■ Task objective: Down to the last line, repeat the entries exactly and drop any image.

■ Data supplied:

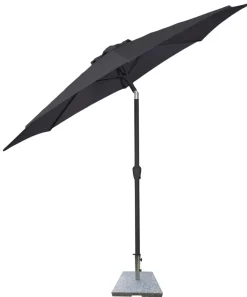 Sunlife® Sæsonafslutning|Parasoller & Markiser*Parasol Arizona sort m/krank & tilt Ø300 cm - Sort dug og sort stang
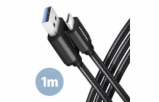 AXAGON datový a nabíjecí kabel USB-A na USB-C / USB 3.2 Gen1 / 3A / ALU / oplet / 1m / černý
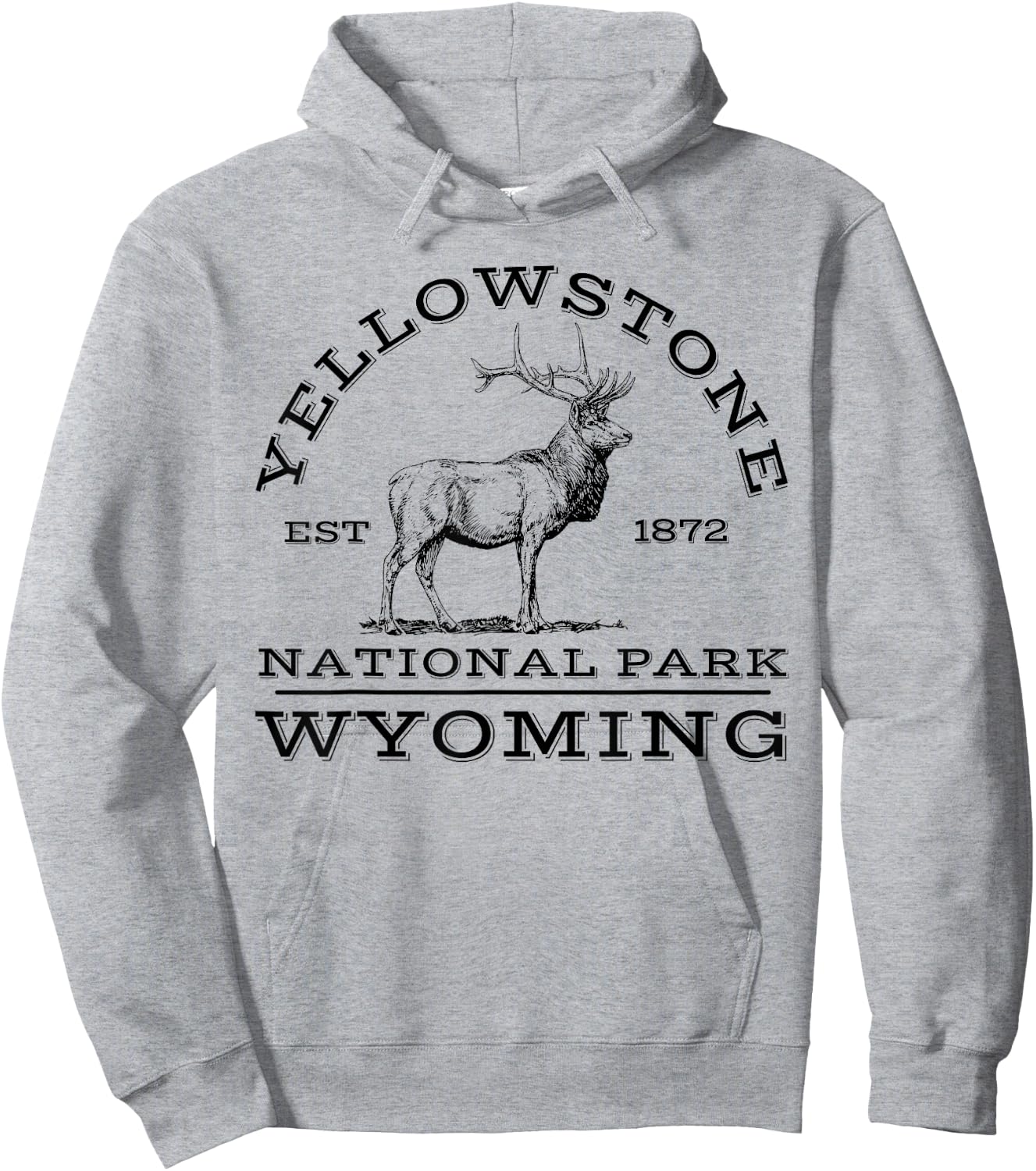 Yellowstone National Park Elk Wyoming Hike Outdoors Hoodie - Hoodie | Ash
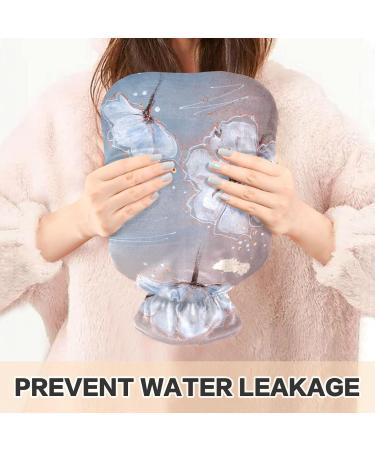Naanle White Flowers Heat Bottle - 1L Transparent Hot Water Bottle for Pain Relief & Cold Therapy | Perfect Bed & Hand Warmers - Buy Online on GoSupps.com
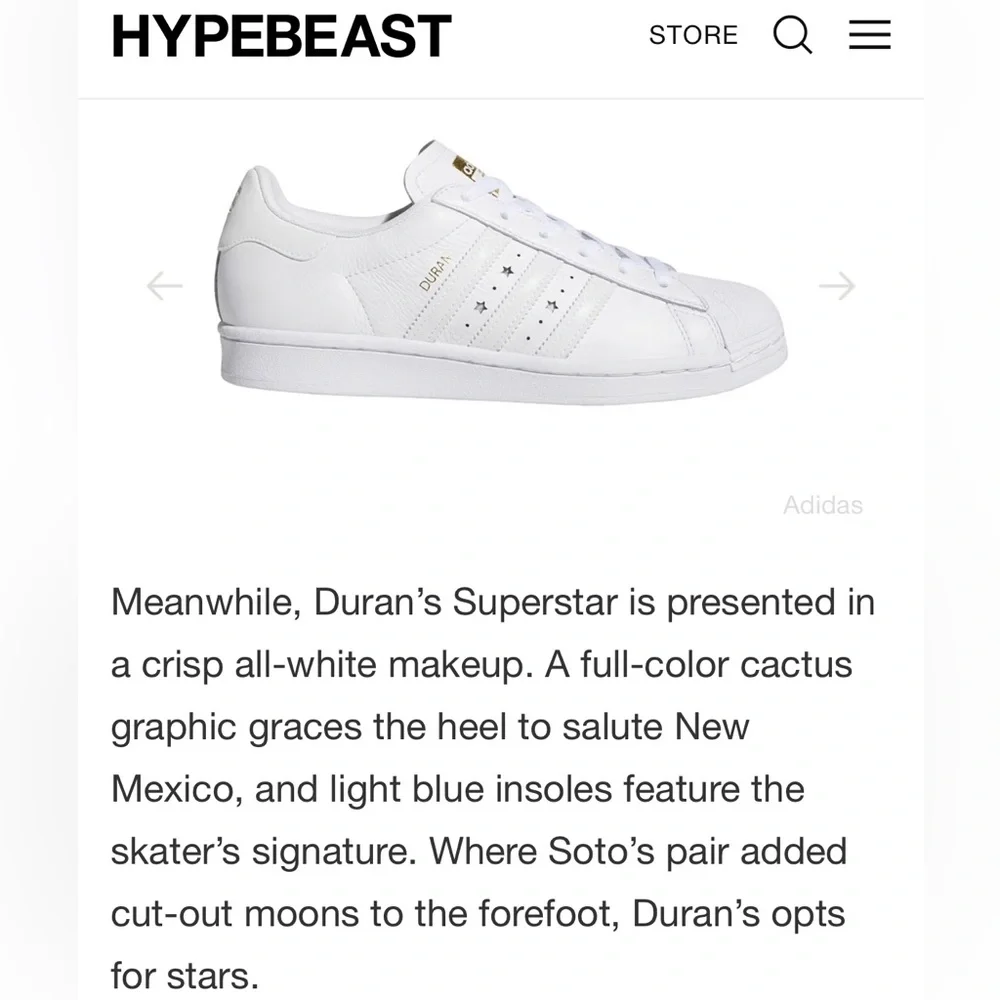 Adidas Superstar Advanced Mariah Duran White Leather Women’s Skate Shoe Size 7.5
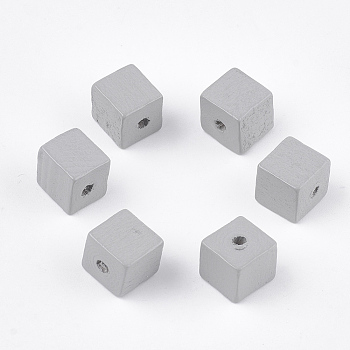 Painted Natural Wood Beads, Cube, Light Grey, 10x10x10mm, Hole: 2mm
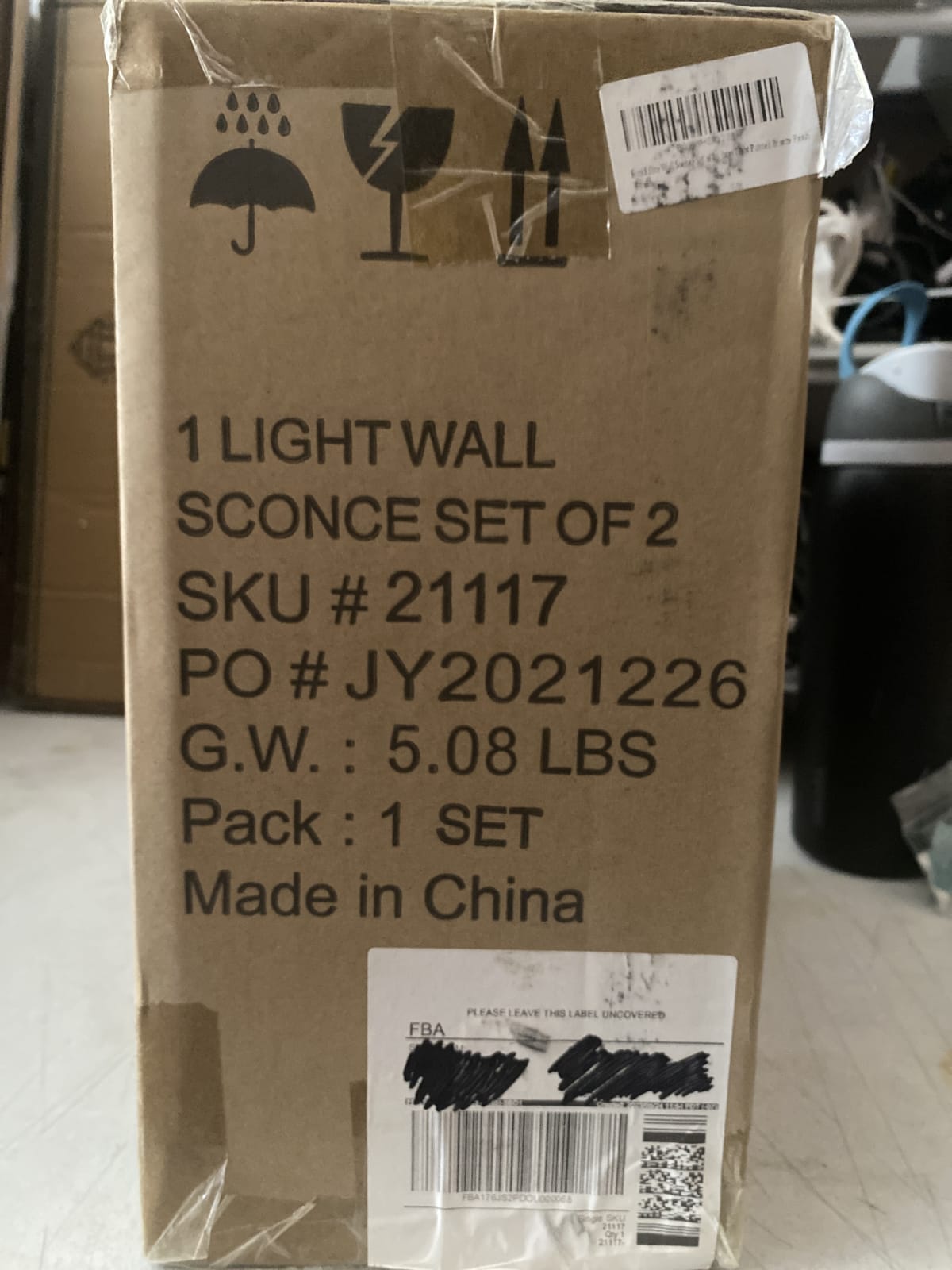 1 Light Wall Sconce Set of 2 - Modern Lighting Fixture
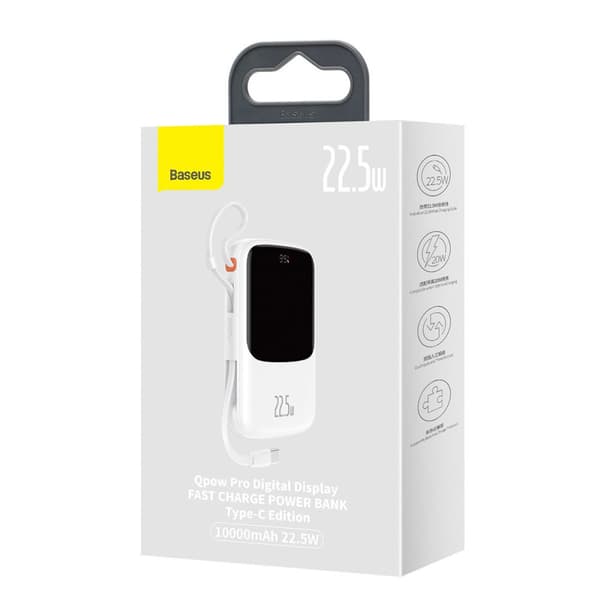 Qpow powerbank 10000mAh indbygget USB Type C-kabel 22,5W Quick Charge hvid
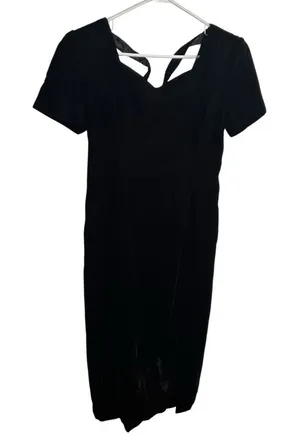 Vintage Maggy London Women's Size 8 Velvet Midi Dress Black Short Sleeve Slit thumbnail 1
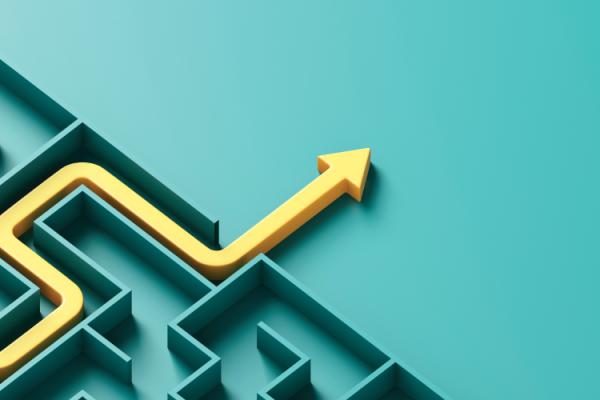 Yellow line tracing a path through a teal maze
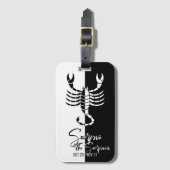 Scorpio Zodiac Schild Schwarz & Weiß Gepäckmarke Gepäckanhänger (Vorderseite Vertikal)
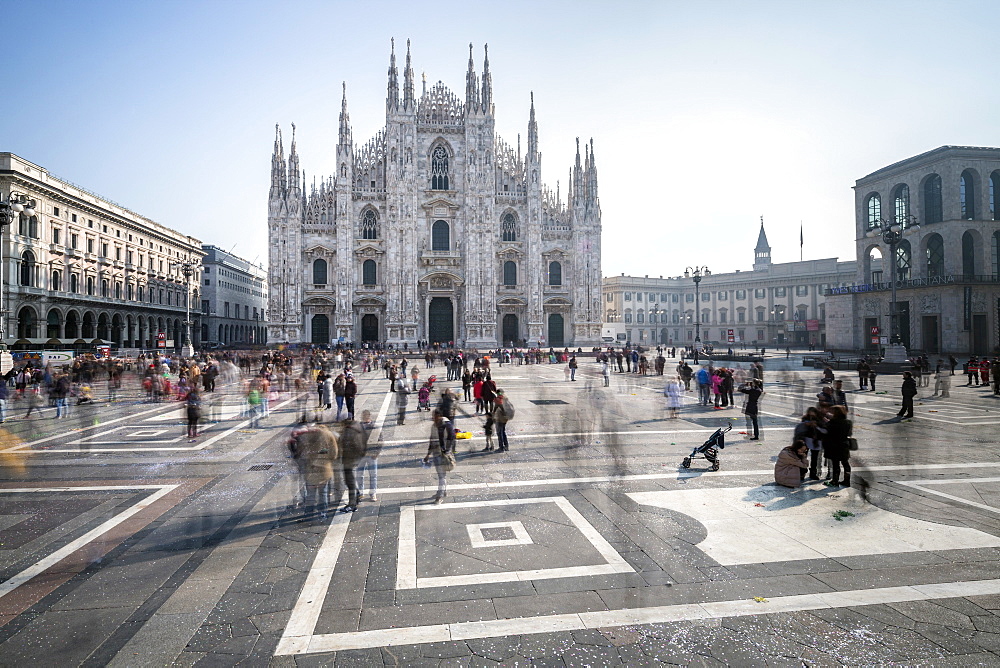 View of the square and the gothic Duomo, the icon of Milan, Milan, Lombardy, Italy, Europe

■ Answer section:
 Sunlife® Sæsonafslutning|Parasoller & Markiser*Parasol Arizona sort m/krank & tilt Ø300 cm - Sort dug og sort stang
 AXAGON datový a nabíjecí kabel USB-A na USB-C / USB 3.2 Gen1 / 3A / ALU / oplet / 1m / černý
 Yellowstone National Park Elk Wyoming Hike Outdoors Hoodie - Hoodie | Ash
Naanle White Flowers Heat Bottle - 1L Transparent Hot Water Bottle for Pain Relief & Cold Therapy | Perfect Bed & Hand Warmers - Buy Online on GoSupps.com
 Adidas Superstar Advanced Mariah Duran White Leather Women’s Skate Shoe Size 7.5
 Painted Natural Wood Beads, Cube, Light Grey, 10x10x10mm, Hole: 2mm
 1 Light Wall Sconce Set of 2 - Modern Lighting Fixture
 Qpow powerbank 10000mAh indbygget USB Type C-kabel 22,5W Quick Charge hvid
 Vintage Maggy London Women's Size 8 Velvet Midi Dress Black Short Sleeve Slit thumbnail 1
 Yellow line tracing a path through a teal maze
 Scorpio Zodiac Schild Schwarz & Weiß Gepäckmarke Gepäckanhänger (Vorderseite Vertikal)
 View of the square and the gothic Duomo, the icon of Milan, Milan, Lombardy, Italy, Europe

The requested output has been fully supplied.